5:30 PM Cash bar 6:30 PM Lecture hall doors open 7 PM Lecture
Candice Hopkins, an independent curator, writer and researcher, will deliver the Annual Semans Lecture about her work. Hopkins is one of the three co-curators of the major exhibition Art for a New Understanding: Native Voices, 1950s to Now. Hopkins is Tlingit and a citizen of Carcross/Tagish First Nation, Yukon, Canada. Her writing and curatorial practice explores the intersections of history, contemporary art and indigeneity.
She works as senior curator for the 2019 Toronto Biennial of Art and was a part of the curatorial team of the Canadian Pavilion of the 58th Venice Biennale in 2019, featuring the work of the media art collective Isuma. She is co-curator of notable exhibitions including the 2018 SITE Santa Fe biennial, Casa Tomada; documenta 14 in Athens, Greece and Kassel, Germany; Sakahàn: International Indigenous Art; Close Encounters: The Next 500 Years; and the 2014 SITElines biennial, Unsettled Landscapes.
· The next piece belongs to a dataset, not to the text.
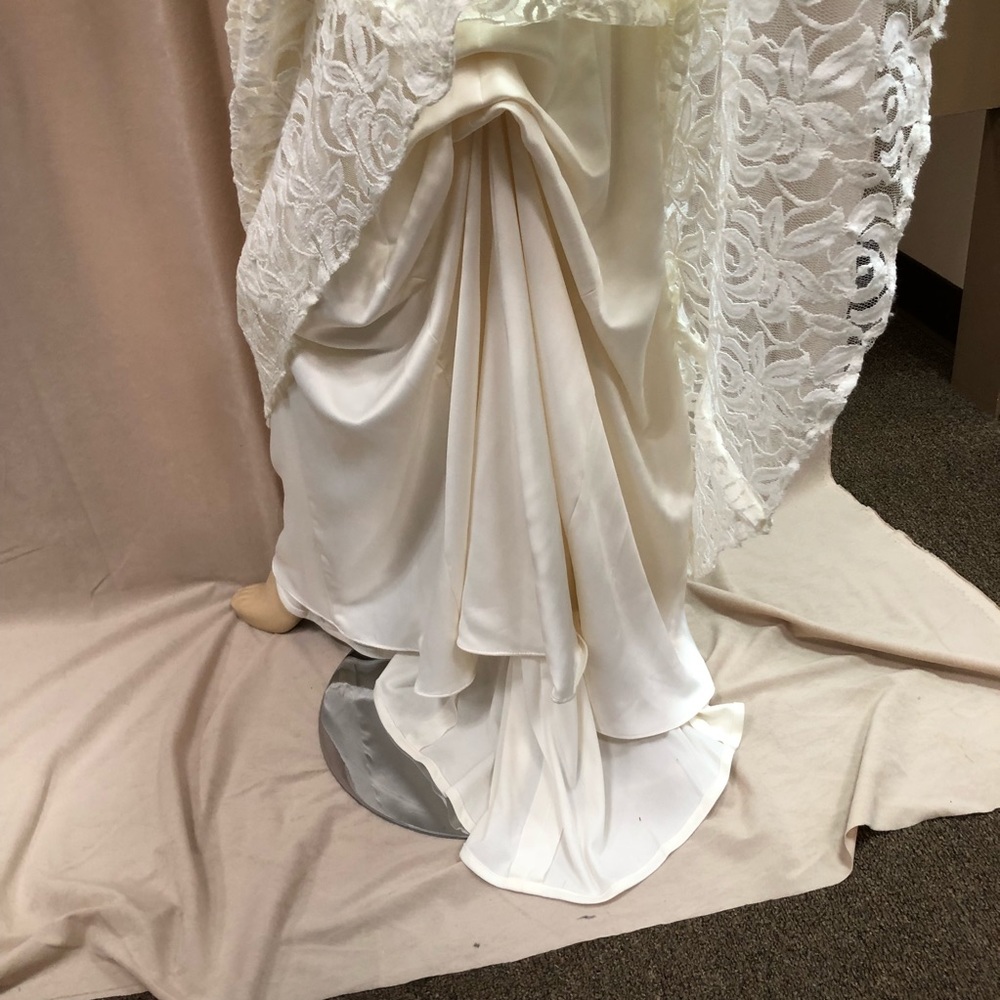 Strapless Floral Lace Gown - Picture 5 of 8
Her writing is published widely and recent essays and presentations include “The Gilded Gaze: Wealth and Economies on the Colonial Frontier,” for the documenta 14 Reader, “Outlawed Social Life” for South as a State of Mind and Sounding the Margins: A Choir of Minor Voices at Small Projects, Tromsø, Norway. She has lectured internationally including at the Witte de With, Tate Modern, Dak’Art Biennale, Artists Space, Tate Britain, Yale University, Cornell University, and the University of British Columbia.
This event will be supported by an American Sign Language interpreter.